**DIRECTIONS**
Repeat every line of the data exactly; the pictures stay out.

**DATASET EXCERPT**
* * * * *
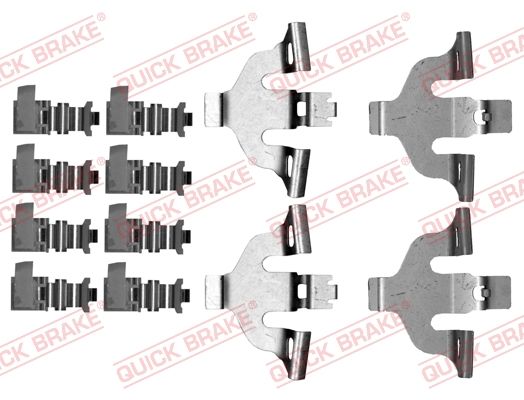 QUICK BRAKE 109-0092 - Zubehörsatz, Scheibenbremsbelag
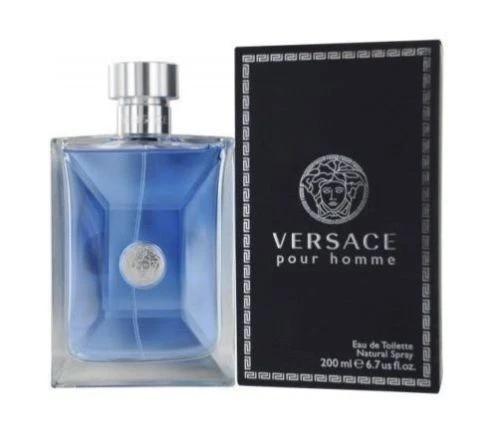 Versace Pour Homme Hombres 6.7 6.8 OZ 200 ML Eau De Toilette Spray Nuevo en Caja Sellado Foto 1 de 1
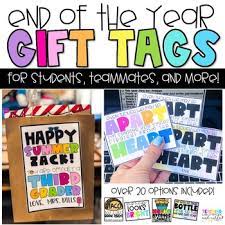 I think it's safe to say that everyone is joyfully looking forward to summer break! End Of The Year Gift Tags For Students By Teaching With Crayons And Curls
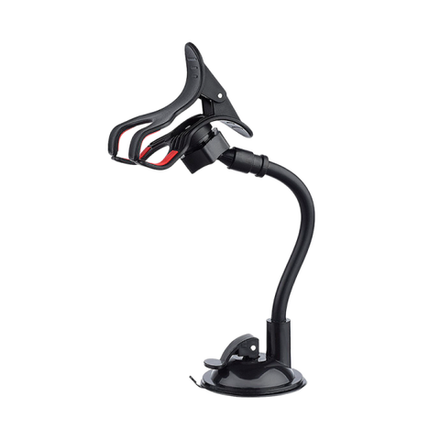 Держатель автомобильный GoPower GPA04 присоска, черный (1/100)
* * * * *
**EXPECTED ANSWER**
 QUICK BRAKE 109-0092 - Zubehörsatz, Scheibenbremsbelag
 Versace Pour Homme Hombres 6.7 6.8 OZ 200 ML Eau De Toilette Spray Nuevo en Caja Sellado Foto 1 de 1
 I think it's safe to say that everyone is joyfully looking forward to summer break! End Of The Year Gift Tags For Students By Teaching With Crayons And Curls
 Держатель автомобильный GoPower GPA04 присоска, черный (1/100)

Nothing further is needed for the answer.